Indeed, one of the main driving forces throughout his report is that a more effective and coherent university sector, with a well-planned process of collaborating and growing skills and expertise, would help to grow the Welsh economy.
It has certainly rekindled the debate about the role of higher education in developing the prosperity of the nation although some will argue that the thrust of the current higher education strategy will do little to help in this respect i.e. all four of the main research-based universities – Cardiff, Swansea, Bangor and Aberystwyth – are remaining autonomous institutions for the foreseeable future, with only the less research intensive colleges being encouraged to merge.
But is Professor Harries stating anything new?
Back in November 2002, I produced a report for the National Assembly’s Economic Development Committee on the state of research and development in Wales.
Even then, it pointed out that Welsh Universities were only receiving only 3.6 per cent of total UK research council income for higher education, just slightly higher than the 3.3 per cent reported for 2010.
Therefore, nearly nine years later, the research funding situation has hardly changed at all.
Of course, the “elephant in the room” is whether research council funding, like other higher education budgets, should be devolved to the Welsh Government. Having raised the issue with senior individuals within the Welsh university sector, there seems to be a general reluctance to do this because of unfounded fears on the levels of quality.
Yet, if this could be addressed properly, then it would secure an additional £28 million per year for Welsh academic research. Certainly, with a potential of £140 million of additional research funds that could be made available over the term of the Assembly, it should be a debate that our politicians should be leading when they reconvene next month.
But it is not the funding alone.
As I pointed out in the 2002 report, what was needed than, and now, was a clear strategic vision for the development of science, technology and innovation policy and its impact on government, industry, higher education and society.
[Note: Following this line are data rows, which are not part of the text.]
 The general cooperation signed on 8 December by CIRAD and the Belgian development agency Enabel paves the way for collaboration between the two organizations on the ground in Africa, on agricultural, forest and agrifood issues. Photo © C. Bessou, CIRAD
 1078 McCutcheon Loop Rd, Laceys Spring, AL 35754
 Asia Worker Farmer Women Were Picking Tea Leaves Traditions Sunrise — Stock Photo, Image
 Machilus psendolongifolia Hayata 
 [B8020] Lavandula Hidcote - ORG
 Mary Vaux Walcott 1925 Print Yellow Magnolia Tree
Until now, that has been sadly missing in Wales since devolution began.
Contrast that with what has been happening across the Irish Sea.
Over a decade ago, the Irish Government created an organisation called Science Foundation Ireland that committed hundreds of millions of pounds to establish a strong research capability in Ireland. More importantly, it had already adopted one of the Harries recommendations and scoured the world’s universities to attract the best scientists and their research teams to Ireland to build up critical areas such as biosciences.
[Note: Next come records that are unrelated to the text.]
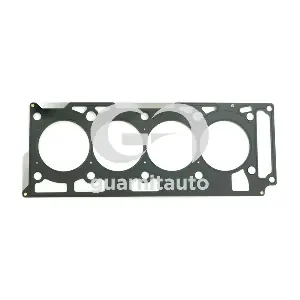 102566-5250 GUARNITAUTO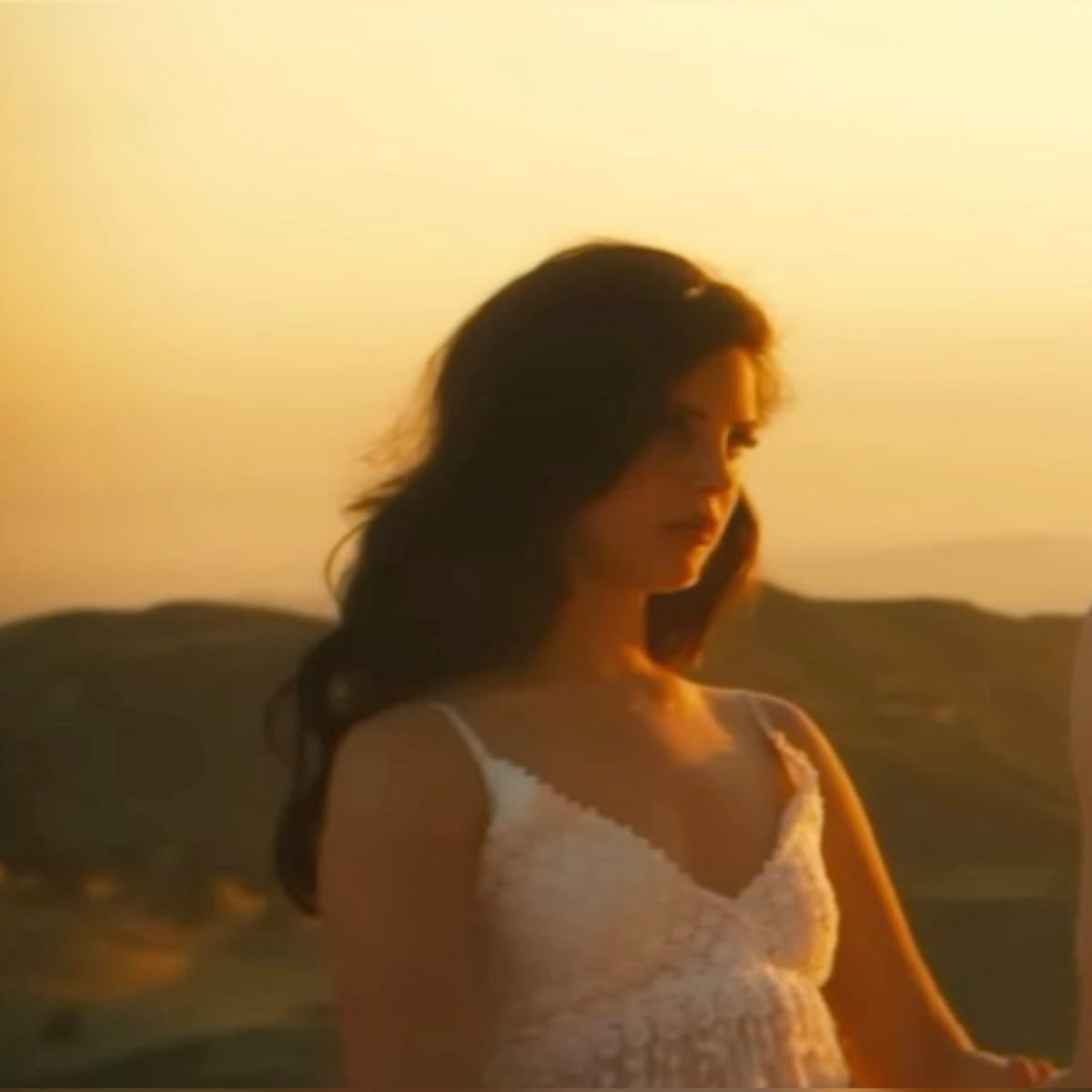 فاطمه السيد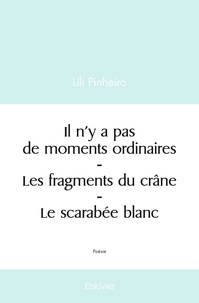 Lili Pinheiro - Il n'y a pas de moments ordinaires ; Les fragments du crâne ; Le scarabée blanc.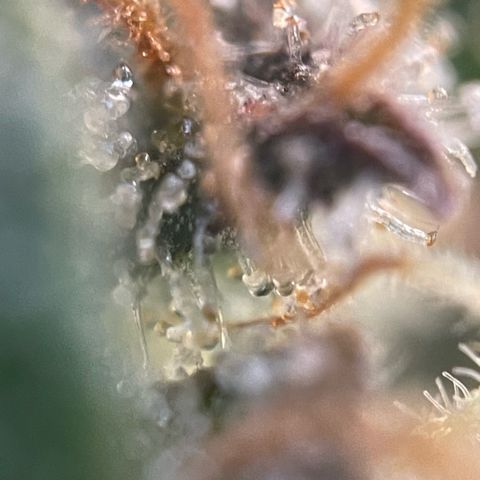 Big Bud by KilliczGe growlog timeline photo
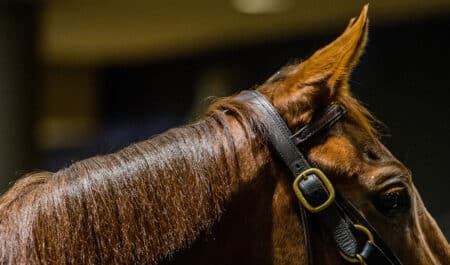 A chestnut thoroughbred's head against a dark background.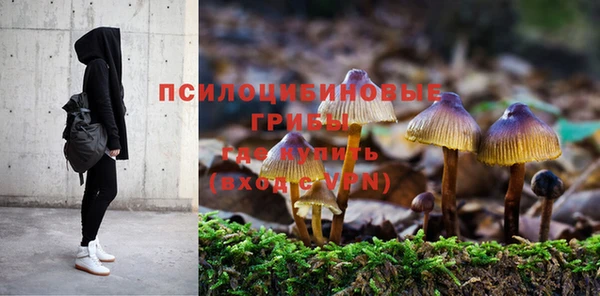 ECSTASY Баксан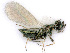  ( - BC-ZSM-HYM-24122-F09)  @14 [ ] CreativeCommons - Attribution Non-Commercial Share-Alike (2016) SNSB, Staatliche Naturwissenschaftliche Sammlungen Bayerns ZSM (SNSB, Zoologische Staatssammlung Muenchen)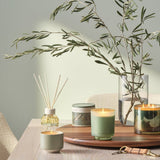 Hinoki Sage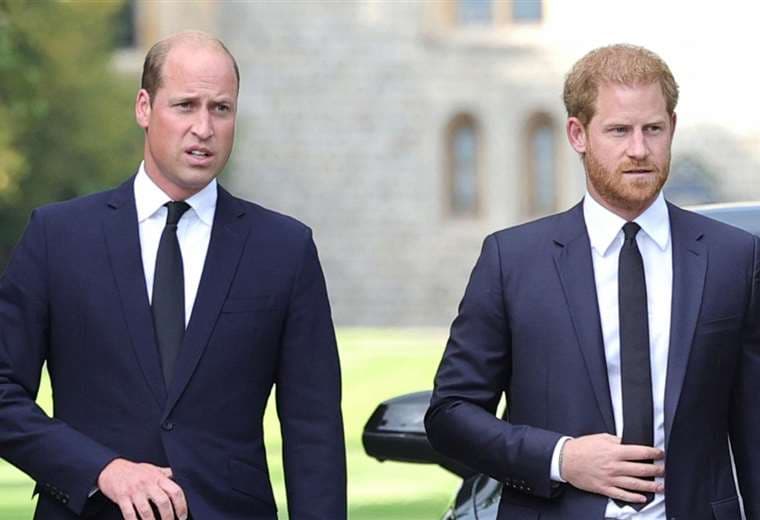 ¿Celos entre los príncipes William y Harry?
Having worked in the sector for over twenty years, I sincerely believe that we have the knowledge and expertise within our university sector to make a real difference to the technological capability of the Welsh economy. However, what is needed is for the Welsh Government to help fight the corner for fair research funding for Wales and, more critically, for the higher education to work together as a unit to develop a coherent strategy for Wales.
Government could start with addressing the fallacy that sees the so-called ‘golden triangle’ of the South East of England, London and the East of England getting 60 per cent of central government research funding as compared to 1 per cent for Wales. This means that, if we apply the Barnett formula to this public money as it should be, a further £96 million in funding is lost to Wales every year.
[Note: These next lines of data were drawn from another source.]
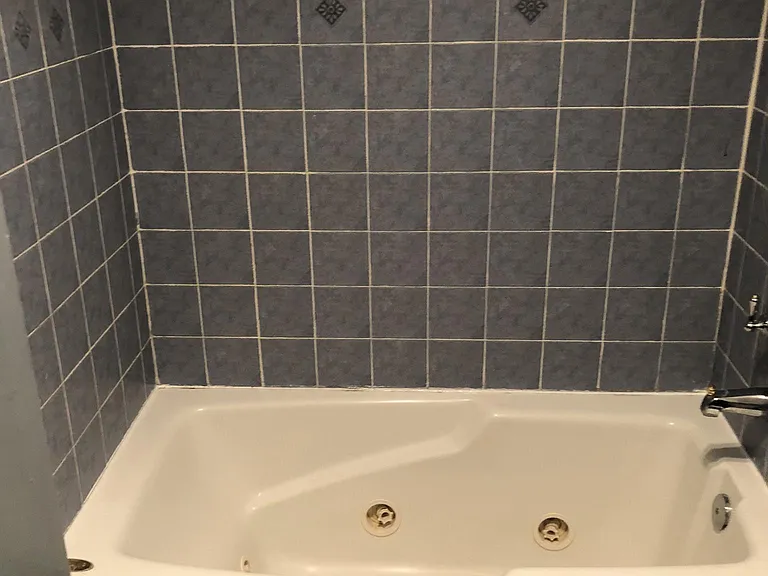 lower level bathroom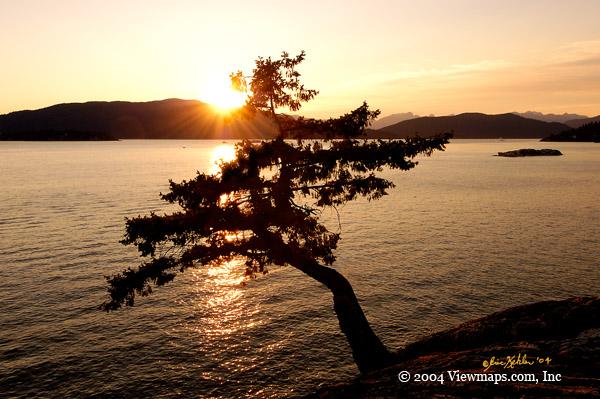 Juniper Point Sunset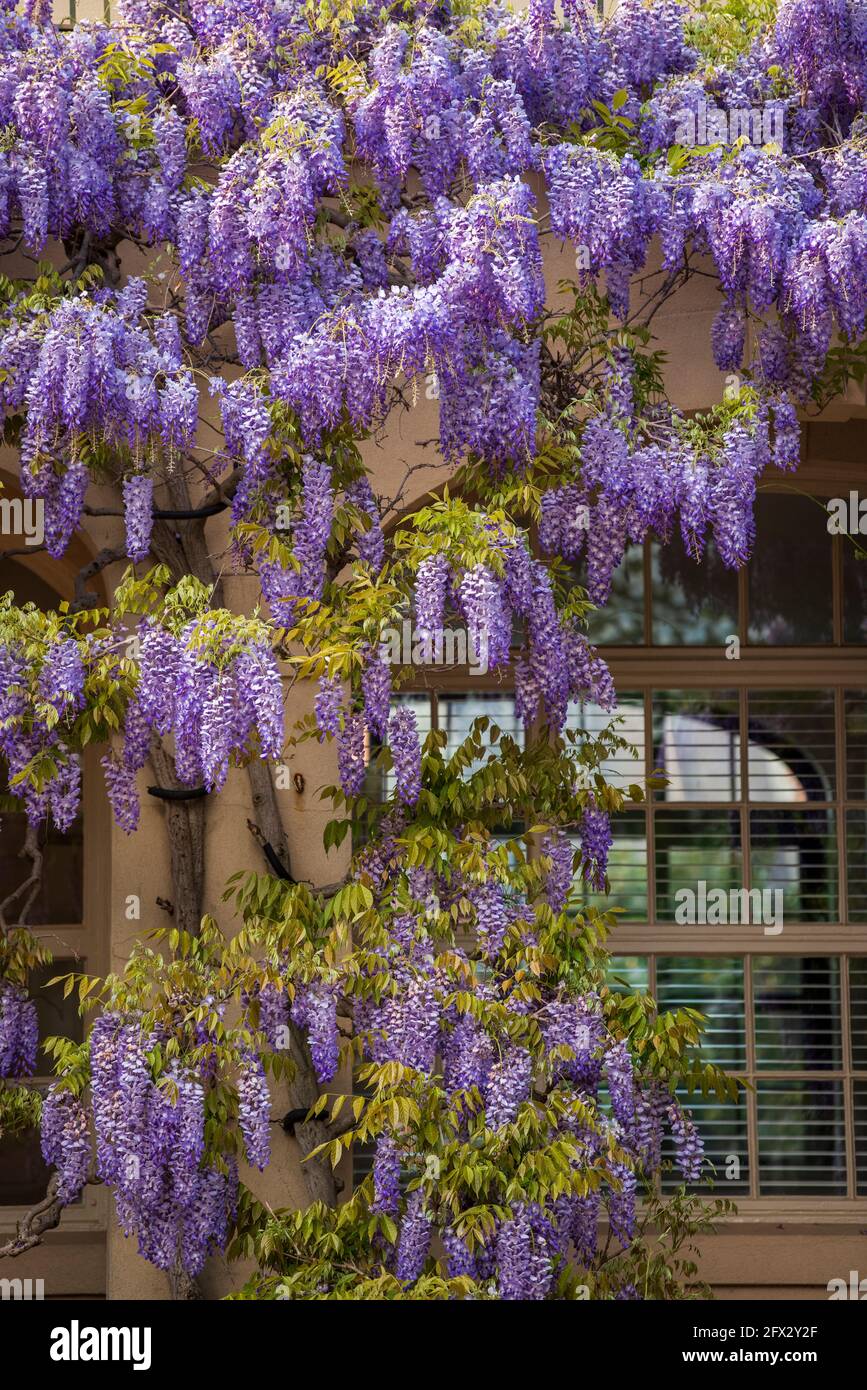 Wisterienblüten bedecken die Bibliothek in Dumbarton Oaks im Nordwesten von Washington, D.C. Stockfoto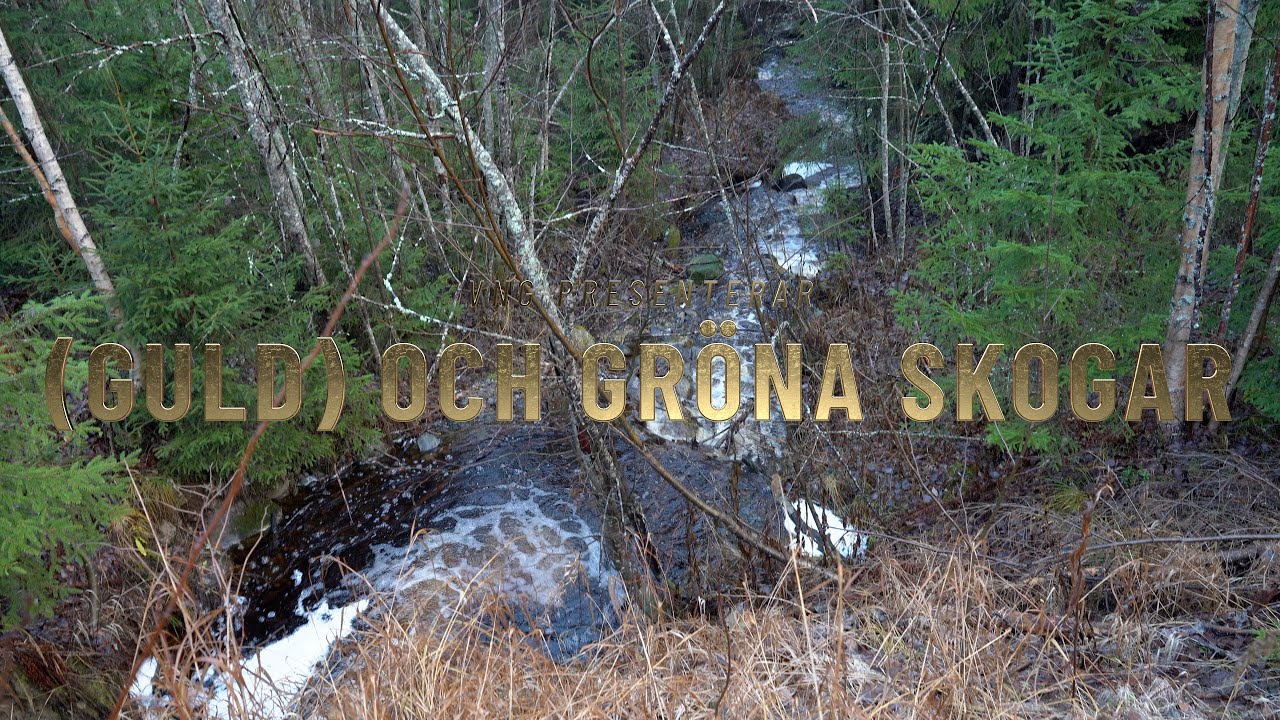 Guld och Gröna Skogar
That is simply unacceptable in this day and age and our politicians must look, as the Swedish Government did in the 1970s with spectacular results, to spread the wealth outside of the more prosperous regions and to use research as the basis for economic renewal.
Certainly, I don’t expect another nine years to go by without action to secure a proper research and innovation policy that not only takes devolution into account, but finally helps to transform Wales into a small clever country.